● **Task statement**
Only these lines of the data below are wanted: the one with "Mercedes-Benz--Actros 1835", the one with "91家纺网 家纺一手货源 找家纺", and any lines between them, each repeated exactly.

● **Data provided**
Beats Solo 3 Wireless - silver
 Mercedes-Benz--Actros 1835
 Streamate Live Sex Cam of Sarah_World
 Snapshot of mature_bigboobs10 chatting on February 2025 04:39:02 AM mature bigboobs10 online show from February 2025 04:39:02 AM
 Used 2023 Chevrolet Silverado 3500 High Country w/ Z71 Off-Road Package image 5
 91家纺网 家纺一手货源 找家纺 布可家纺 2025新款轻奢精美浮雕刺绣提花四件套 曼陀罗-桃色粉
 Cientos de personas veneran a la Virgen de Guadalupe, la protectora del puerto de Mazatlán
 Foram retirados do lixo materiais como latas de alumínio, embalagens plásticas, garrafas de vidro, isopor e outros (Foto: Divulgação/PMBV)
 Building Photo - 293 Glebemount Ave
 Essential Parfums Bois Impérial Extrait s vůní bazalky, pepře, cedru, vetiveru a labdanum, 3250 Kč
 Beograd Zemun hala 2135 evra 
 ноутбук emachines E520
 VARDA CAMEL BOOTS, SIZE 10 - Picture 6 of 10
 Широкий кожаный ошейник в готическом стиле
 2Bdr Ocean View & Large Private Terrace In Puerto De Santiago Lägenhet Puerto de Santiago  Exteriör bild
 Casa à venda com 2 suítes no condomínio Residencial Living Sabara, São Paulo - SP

● **Your solution**
 Mercedes-Benz--Actros 1835
 Streamate Live Sex Cam of Sarah_World
 Snapshot of mature_bigboobs10 chatting on February 2025 04:39:02 AM mature bigboobs10 online show from February 2025 04:39:02 AM
 Used 2023 Chevrolet Silverado 3500 High Country w/ Z71 Off-Road Package image 5
 91家纺网 家纺一手货源 找家纺 布可家纺 2025新款轻奢精美浮雕刺绣提花四件套 曼陀罗-桃色粉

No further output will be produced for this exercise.